Der deutsche Michel zahlt am liebsten in bar. Daran ändern auch die vielfältigen Angebote der Banken und Finanzdienstleister im Bereich Kartenzahlungen oder mobiles Bezahlen nichts. Wie die aktuelle Studie der Bundesbank "Zahlungsverhalten in Deutschland 2014" zeigt, beglichen die Verbraucher im Jahr 2014 immer noch mehr als die Hälfte aller Umsätze für Waren und Dienstleistungen (53 Prozent) in bar. Bei annähernd 30 Prozent wurde die Girokarte genutzt, fünf Prozent wurden per Überweisung gezahlt, bei vier Prozent zückten die Verbraucher die Kreditkarte und bei drei Prozent nutzten sie das Lastschriftverfahren. Diese Zahlen belegen, wie groß der Einschnitt durch die Abschaffung des Bargelds in Deutschland wäre.

Genau das fordern aber Experten wie der Wirtschaftsweise Peter Bofinger. Die Argumente: Illegale Geschäfte würden erschwert. Schattenwirtschaft, Steuerhinterziehung und Drogenhandel könnten viel leichter verfolgt werden, wenn nur noch unbare Transaktionen erlaubt würden. Das Thema Geldwäsche hätte kaum noch eine Bedeutung.
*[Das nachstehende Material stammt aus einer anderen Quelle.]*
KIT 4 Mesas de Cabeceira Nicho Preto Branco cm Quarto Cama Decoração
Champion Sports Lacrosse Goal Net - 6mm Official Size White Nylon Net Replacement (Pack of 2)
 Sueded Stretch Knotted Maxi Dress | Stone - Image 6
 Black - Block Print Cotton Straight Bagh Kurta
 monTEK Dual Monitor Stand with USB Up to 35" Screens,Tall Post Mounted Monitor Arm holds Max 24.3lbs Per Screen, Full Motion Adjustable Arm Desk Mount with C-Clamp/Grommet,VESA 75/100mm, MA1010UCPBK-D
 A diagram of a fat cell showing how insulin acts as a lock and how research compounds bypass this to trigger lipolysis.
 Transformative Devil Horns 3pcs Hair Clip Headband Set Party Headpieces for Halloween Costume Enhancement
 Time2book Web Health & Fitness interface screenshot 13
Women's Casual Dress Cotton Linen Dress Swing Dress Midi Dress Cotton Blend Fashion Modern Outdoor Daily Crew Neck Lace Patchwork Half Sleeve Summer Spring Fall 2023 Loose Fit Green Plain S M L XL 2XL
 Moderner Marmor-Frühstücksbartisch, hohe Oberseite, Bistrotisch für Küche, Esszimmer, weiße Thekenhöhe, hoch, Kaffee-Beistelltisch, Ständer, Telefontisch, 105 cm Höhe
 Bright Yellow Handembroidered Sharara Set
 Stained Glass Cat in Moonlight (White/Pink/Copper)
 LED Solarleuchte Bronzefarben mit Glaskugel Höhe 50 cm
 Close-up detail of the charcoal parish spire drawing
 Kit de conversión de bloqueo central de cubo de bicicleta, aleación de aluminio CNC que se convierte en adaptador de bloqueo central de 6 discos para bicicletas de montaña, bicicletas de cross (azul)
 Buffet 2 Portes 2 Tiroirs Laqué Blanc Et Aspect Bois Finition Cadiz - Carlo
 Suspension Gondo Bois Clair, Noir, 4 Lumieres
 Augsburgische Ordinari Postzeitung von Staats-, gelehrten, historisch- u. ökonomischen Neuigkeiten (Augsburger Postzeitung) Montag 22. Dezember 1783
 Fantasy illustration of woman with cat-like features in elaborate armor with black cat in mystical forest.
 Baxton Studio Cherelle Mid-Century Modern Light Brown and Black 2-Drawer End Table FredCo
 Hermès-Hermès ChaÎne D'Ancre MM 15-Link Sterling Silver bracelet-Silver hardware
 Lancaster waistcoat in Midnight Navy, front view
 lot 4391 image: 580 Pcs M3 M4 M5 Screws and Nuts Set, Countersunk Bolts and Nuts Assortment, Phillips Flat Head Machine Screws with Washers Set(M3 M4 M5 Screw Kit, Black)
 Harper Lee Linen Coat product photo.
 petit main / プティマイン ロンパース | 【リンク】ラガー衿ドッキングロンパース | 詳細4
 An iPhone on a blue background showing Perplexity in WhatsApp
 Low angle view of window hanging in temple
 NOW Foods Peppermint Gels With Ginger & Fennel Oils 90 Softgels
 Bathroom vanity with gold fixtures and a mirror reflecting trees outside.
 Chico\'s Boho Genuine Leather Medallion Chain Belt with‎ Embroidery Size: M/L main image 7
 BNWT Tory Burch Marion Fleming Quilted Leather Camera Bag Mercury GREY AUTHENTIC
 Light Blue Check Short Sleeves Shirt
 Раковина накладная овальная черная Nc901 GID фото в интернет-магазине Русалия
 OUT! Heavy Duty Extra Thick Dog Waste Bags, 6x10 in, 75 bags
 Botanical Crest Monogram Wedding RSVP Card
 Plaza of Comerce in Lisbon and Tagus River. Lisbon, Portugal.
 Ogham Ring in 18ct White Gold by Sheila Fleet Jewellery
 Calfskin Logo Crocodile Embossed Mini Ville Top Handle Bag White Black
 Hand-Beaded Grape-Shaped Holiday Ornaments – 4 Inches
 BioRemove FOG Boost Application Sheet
Und die Gefahren von Negativzinsen auf Spareinlagen wären deutlich gemindert. Denn wenn kein Bargeld vorhanden ist, können die Menschen es auch schlecht abheben und zu Hause unter dem Kopfkissen horten. Reines Buchgeld dagegen würde stattdessen zur Vermeidung von Belastungen aus negativen Zinsen ausgegeben und käme damit Konjunktur und Investitionen zugute.

Derartigen Überlegungen widerspricht der Präsident der Deutschen Bundesbank ungewohnt scharf. "Ich halte diese Überlegungen im Kern für eine fehlgeleitete Diskussion", sagte Jens Weidmann in seiner Eröffnungsrede zum Zahlungsverkehrssymposium seines Hauses. Und ergänzte: "Finanzielle Repression mittels Negativzinsen ausüben zu wollen, ist kein Ausweg, sondern ein Holzweg." Der Präsident wusste dies auch wohl zu begründen. Zum einen sei keineswegs sicher, ab welchem Negativzinssatz eine Flucht in das Bargeld einsetzen würde, da es sich bei der sogenannten Nullzinsgrenze um keine scharfe, exakt quantifizierbare Zinsuntergrenze genau auf der Höhe der Nulllinie handele. Deswegen dürfte ein moderater Minuszins wohl noch nicht zu einer Flucht ins Bargeld führen, was Erfahrungen aus Dänemark und der Schweiz zeigten, wo die Notenbanken Negativzinsen in Höhe von minus 0,75 Prozent verlangten.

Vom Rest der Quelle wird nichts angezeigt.